> Information supplied:

_____

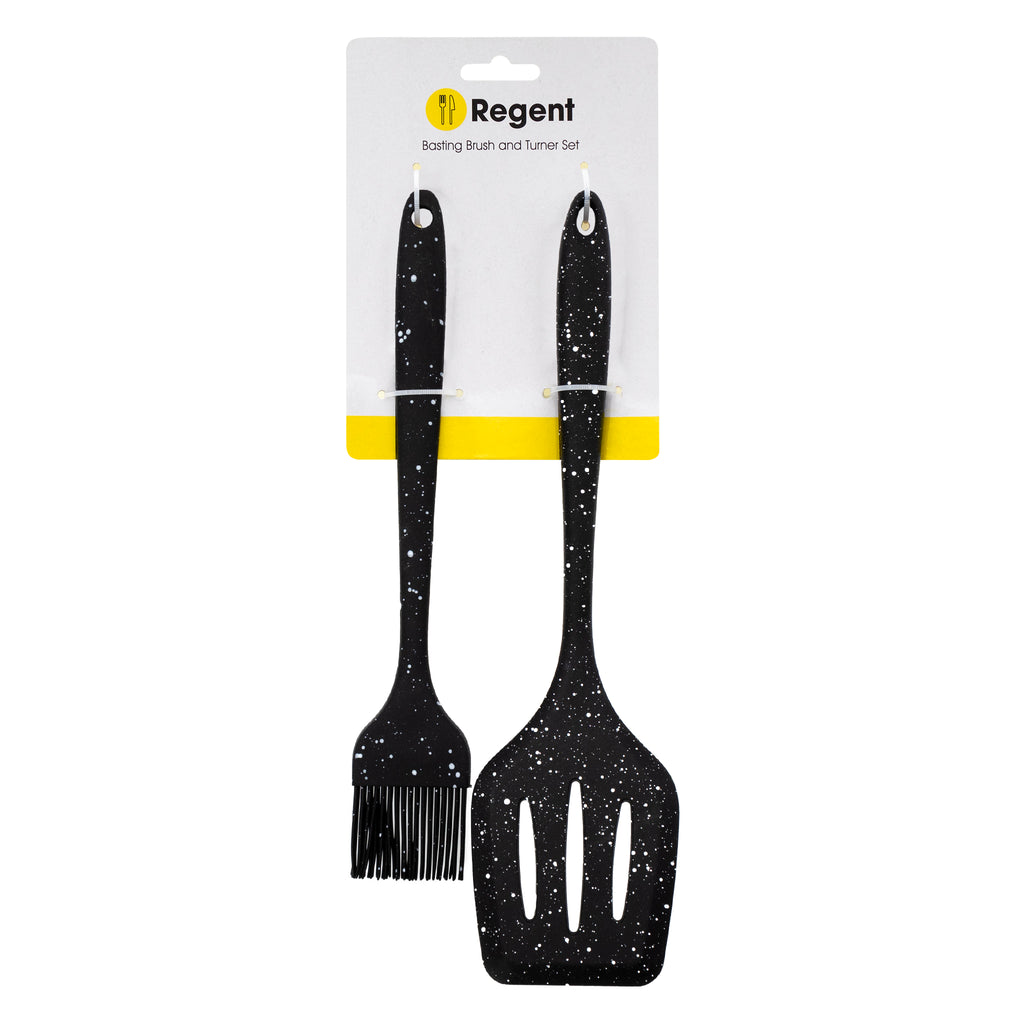 REGENT KITCHEN BASTING BRUSH AND TURNER SET NYLON SPECKLED BLACK, (45X260MM l 80X300MM)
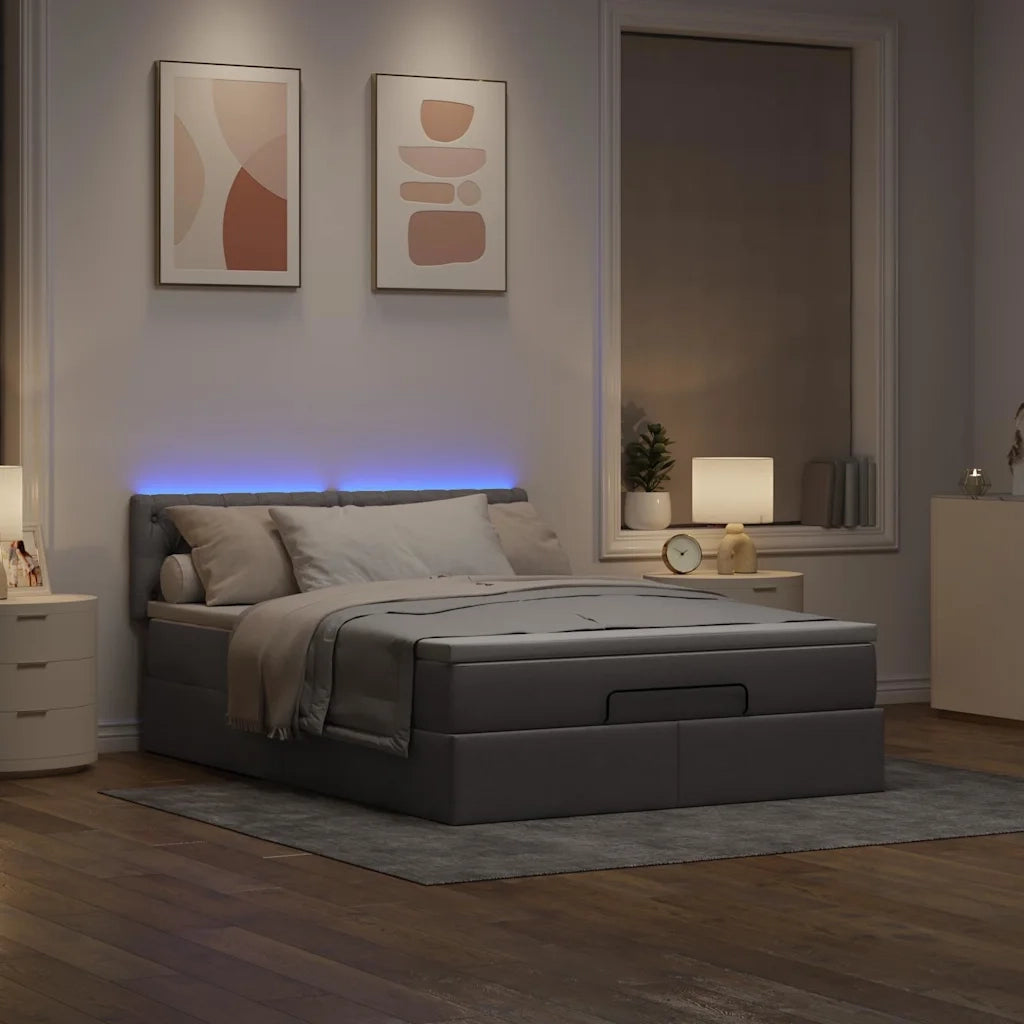 Pouf Letto con Materasso e LED Tortora 140x200 cm in Tessuto 3312399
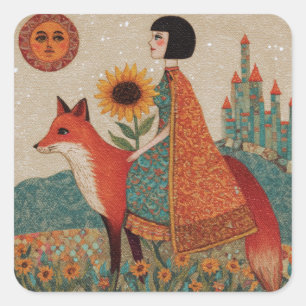 Sticker Carré Femme surréaliste fantastique et son renard rouge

_____

> What needs to be done:
Everything in the listing must be restated word for word, except for the pictures.

> Your solution:
 REGENT KITCHEN BASTING BRUSH AND TURNER SET NYLON SPECKLED BLACK, (45X260MM l 80X300MM)
 Pouf Letto con Materasso e LED Tortora 140x200 cm in Tessuto 3312399
 Sticker Carré Femme surréaliste fantastique et son renard rouge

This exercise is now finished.